The variables in this dataset and their descriptions are as follows:
  - `collection`: the collection the award winning book belongs to (e.g. Mainstream, Diversity, or a sub-collection of the Diversity collection)
  - `postal_code`: 5 digit zip code where the book was purchased
  - `book_ID`: unique identifier for an award winning book in our sample
  - `item_id`: unique identifier for an item purchased in the Numerator Omnipanel data
  - `item_total`: total amount spent on the item
  - `item_quantity`: number of items purchased
  - `item_unit_price`: unit price on the item
  - `trip_id`: unique identifier for a shopping trip
  - `gender_app_user`: gender of the purchaser
  - `parent_child_gender`: gender of the parent and gender of their child
  - `ethnicity`: ethnicity of the purchaser
  - `lgbtq`: sexual orientation of the purchaser
  - `lgbtq_sexual_orientation`: sexual orientation of the purchaser
  - `has_children`: whether the purchaser has children
  - `has_children_ages_0_5`: whether the purchaser has children between 0 and 5
  - `has_children_ages_6_12`: whether the purchaser has children between 6 and 12
  - `has_children_ages_13_17`: whether the purchaser has children between 13 and 17
  - `income_bucket`: income bucket of purchaser
  - `education_group`: highest education completed by purchaser
  - `has_son_expand`: whether the purchaser has a son
  - `has_both_expand`: whether the purchaser has a son and a daughter
  - `has_daughter_expand`: whether the purchaser has a daughter
  - `mean_skin_tint`: mean skin tint of faces in book purchased
  - `pct_female_faces`: percent of detected faces that are predicted to be female
  - `pct_female_words`: percent of gendered words that are female
  - `pct_female_names`: percent of names that are predicted to be female
  - `pct_mentions_famous_asian`: percent of mentions of famous people that are asian 
  - `pct_mentions_famous_black`: percent of mentions of famous people that are black
  - `pct_mentions_famous_indigeneous`: percent of mentions of famous people that are indigeneous
  - `pct_mentions_famous_latinx`: percent of mentions of famous people that are latinx
  - `pct_mentions_famous_multiracial`: percent of mentions of famous people that are multiracial
  - `pct_mentions_famous_white`: percent of mentions of famous people that are white

## `censored_data/book_purchase_data.Rdata`
This file contains one dataset called `collection_event_time` which contains information on purchases of award winning children's books near the time of award announcement.   
We manually match each award winning children's book in our sample (published between 2016 and 2019) with books purchased in this data by title. 
Then we use purchases of all other books in the children's department that were published between 2016 and 2019 as our comparison group.

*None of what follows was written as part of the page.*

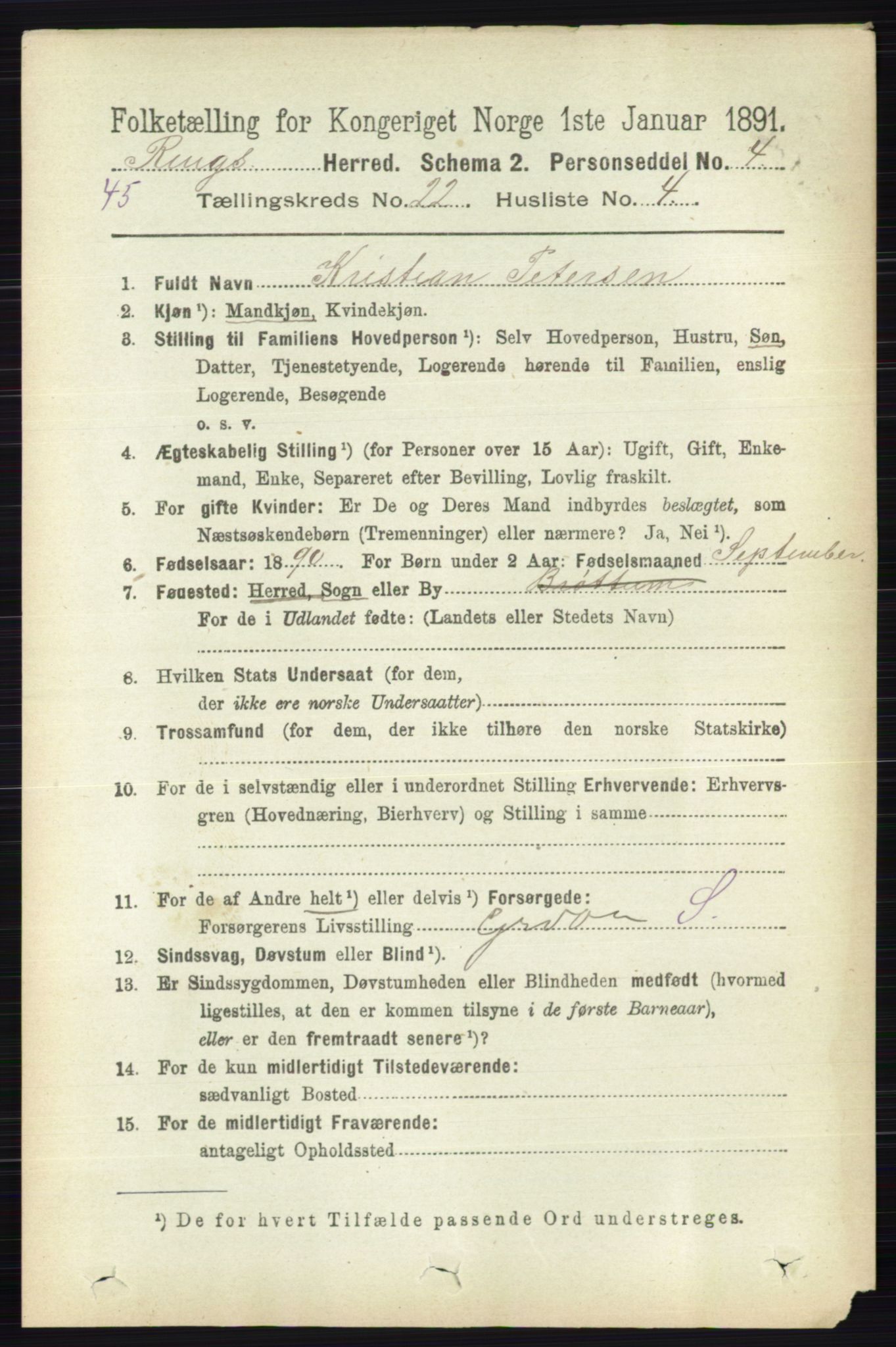 RA, 1891 census for 0412 Ringsaker, 1891, p. 12394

We first identify the date each book was eligible for an award (the yearly awards in our sample are are announced near the end of January and only books published the year before are eligible).
Then we count the number of purchases of each book per day, centered around the award announcement date in the year each book was eligible.
We then find the average purchases of books in a collection/citation category per day.

The variables in this dataset and their descriptions are as follows:
  - `collection_citation`: The collection (e.g. Mainstream or Diversity) and the citation (e.g. Award Winners or Award Honors)
  - `event_time`: number of days since award annoucement in the year a book was eligible
  - `quantity_purchased_scaled`: average number of purchases for books in a given collection_citation and in a given event time
  - `moving_average_quantity_purchased_scaled`: 14-day moving average of `quantity_purchased_scaled`